Red Arbor holds a 4.9 Google rating and consultations are always free. Contact Red Arbor Tattoo to book a consultation and talk about your project, whether it’s a single traditional piece, a sleeve, or something you’re still figuring out.
Frequently Asked Questions About American Traditional Tattoos
How Much Does an American Traditional Tattoo Cost?
Depends on size, detail, placement, and which artist you’re working with. A small piece off the flash wall is going to be a lot less than a full sleeve, that’s probably obvious, but people ask. At Red Arbor, half sleeves typically run $2,500 to $5,000 and full sleeves land in the $5,000 to $10,000+ range. Best way to get a number that means something is to come in for a free consultation. We’ll look at what you want, where you want it, and give you a straight answer.
Do American Traditional Tattoos Age Well?
Better than almost any other style. The bold outlines and solid color packing are specifically what make them hold up over decades. Styles with thin lines and soft shading tend to blur and fade faster. Look at healed traditional work from ten, twenty, thirty years ago and compare it to other styles at the same age. The difference is obvious. These tattoos were built to last from the beginning, and that hasn’t changed.

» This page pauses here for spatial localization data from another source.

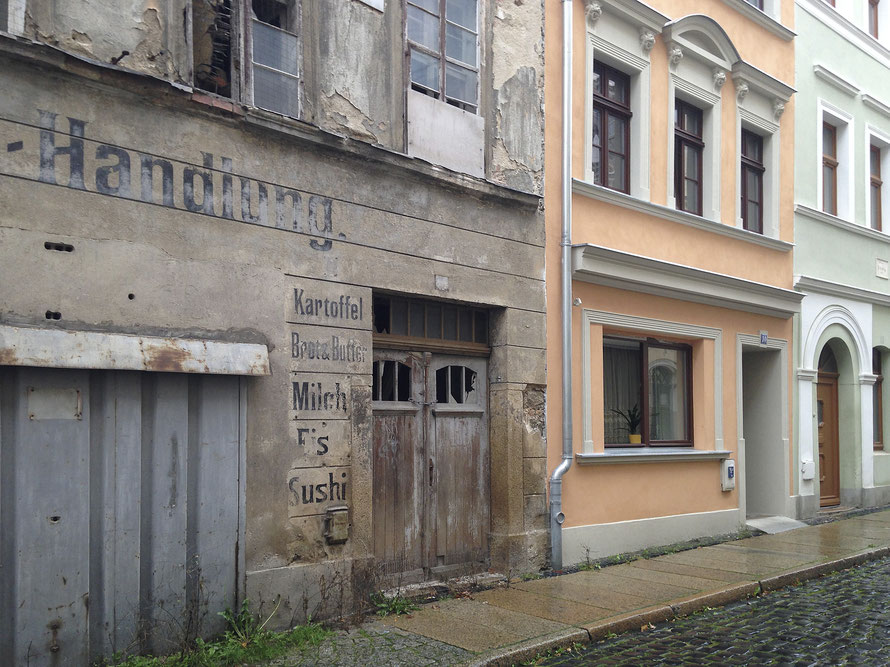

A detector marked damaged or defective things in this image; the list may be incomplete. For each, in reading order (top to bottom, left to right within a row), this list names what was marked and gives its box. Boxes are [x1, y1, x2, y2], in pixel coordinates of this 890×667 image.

peeling plaster wall [25, 0, 187, 83]
broken window [192, 0, 232, 96]
broken window [408, 0, 478, 113]
rusty metal door [0, 368, 243, 664]
rusty metal door [372, 352, 490, 580]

What’s the Difference Between American Traditional and Japanese Traditional Tattoos?
Both use bold outlines and both hold up well over time, but the approach is pretty different. American traditional uses a small, fixed set of designs, flash, with a limited color palette and simpler compositions. Japanese traditional, or irezumi, uses more complex compositions with heavy background work like waves, wind bars, and clouds, and the designs usually cover large areas of the body as connected pieces rather than individual standalone tattoos. Red Arbor does both styles. Cory has a deep background in Japanese traditional as well as American, so if you’re not sure which direction to go, that’s a good conversation to have at a consultation.

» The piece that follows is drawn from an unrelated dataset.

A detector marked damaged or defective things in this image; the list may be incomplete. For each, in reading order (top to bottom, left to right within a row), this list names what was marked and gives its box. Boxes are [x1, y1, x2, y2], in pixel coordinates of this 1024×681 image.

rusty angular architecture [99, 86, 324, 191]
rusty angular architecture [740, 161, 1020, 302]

Can I Get a Traditional Tattoo as a Walk-In?
Yeah, walk-ins are welcome at Red Arbor. First come, first served. But if you want a specific artist, or if you want a larger or custom piece, booking ahead is a better move. Walk-in availability depends on the day, the artist, and what’s already on the schedule. For small flash pieces, walk-ins work great. For bigger projects, book a consultation first so nobody’s rushing.

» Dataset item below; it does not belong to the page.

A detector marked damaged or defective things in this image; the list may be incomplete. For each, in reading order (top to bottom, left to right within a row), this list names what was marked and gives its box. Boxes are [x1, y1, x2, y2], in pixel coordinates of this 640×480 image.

How Long Does an American Traditional Tattoo Take to Heal?
Surface healing usually takes two to three weeks. Full healing, meaning all the layers of skin have settled and the color looks how it’s going to look long-term, is closer to four to six weeks. Follow whatever aftercare instructions your artist gives you. Don’t pick at it, don’t soak it, keep it clean, and use plain unscented lotion. Stay away from Vaseline and anything with fragrance in it. The scented lotions from Bath and Body Works, the petroleum-heavy stuff, all of it. Fragrance and petroleum-heavy products can pull ink and irritate healing skin. Check out the Red Arbor aftercare guide for the full rundown.
What Is Traditional Tattoo Flash?
Flash is pre-drawn designs, usually painted on sheets and displayed on the walls of a tattoo shop. Artists drew the designs ahead of time so clients could walk in, point at something on the wall, and sit down. Lew Alberts out of New York’s Bowery is widely credited with popularizing flash in the early 1900s, and Percy Waters built a mail-order supply business out of Detroit that spread those designs to shops across the country. Flash is still a big part of the traditional tattoo world, and Aiden at Red Arbor hand-paints flash sheets that are specific to the shop. Flash pieces are usually quicker to tattoo and cost less than fully custom work, which makes them a good option if you want something traditional and you’re open on the specific design.